In this article, the X-Engine storage engine accelerated by FPGA brings 50% performance improvement for the KV interface, and 40% performance improvement for the SQL interface. With the decrease in the read/write ratio, FPGA's acceleration effect becomes more obvious, thus meaning that FPGA compaction acceleration is suitable for write-intensive workloads. This is consistent with the intention of the LSM-tree design. Also, we have avoided FPGA's internal defects by designing a fault tolerance mechanism, and we've finally created a high-availability CPU-FPGA hybrid storage engine that meets Alibaba's real service requirements.

It is the first real project that uses a heterogeneous computing device introduced by X-DB to accelerate core database functions. Based on our experiences, FPGA can completely meet the computing demands raised by X-Engine's compaction tasks. At the same time, we have been researching to schedule more suitable computing tasks to FPGA for execution, such as compression, BloomFilter generation, and SQL JOIN operators. At present, the R&D for the compression function is completed, and it will be built into a set of IP together with Compaction to perform data compaction and compression operations simultaneously.

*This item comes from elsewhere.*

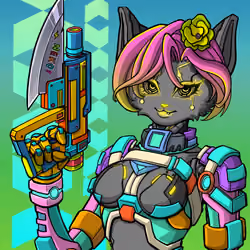 Sipher NEKO #7168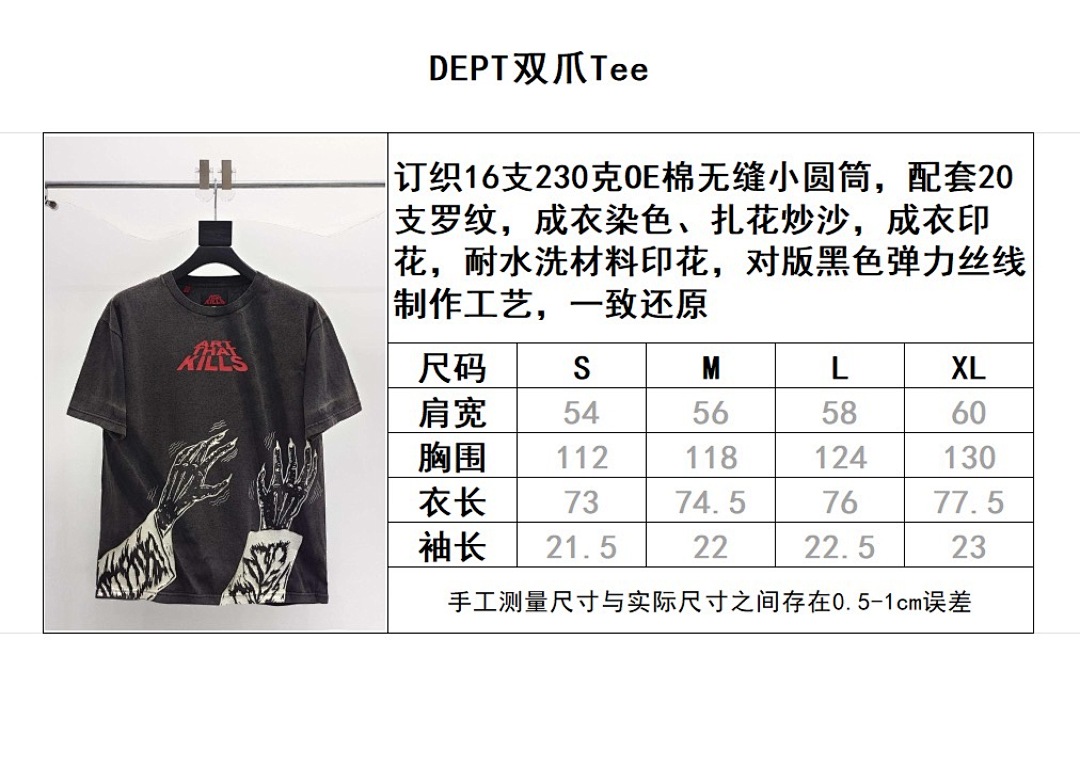 Gallery Dept Yuan Double - Image 11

X-DB FPGA-Compaction hardware acceleration is an R&D project completed by three parties; these parties are respectively the Alibaba Database Department database kernel team, the Alibaba Server R&D Department custom computing team, and Zhejiang University. Xilinx's technical team has also made great contributions to the success of this project. We hereby extend our gratitude to them. We will post X-DB online for public beta this year. You will then be able to experience the significant performance improvement with FPGA acceleration to X-DB.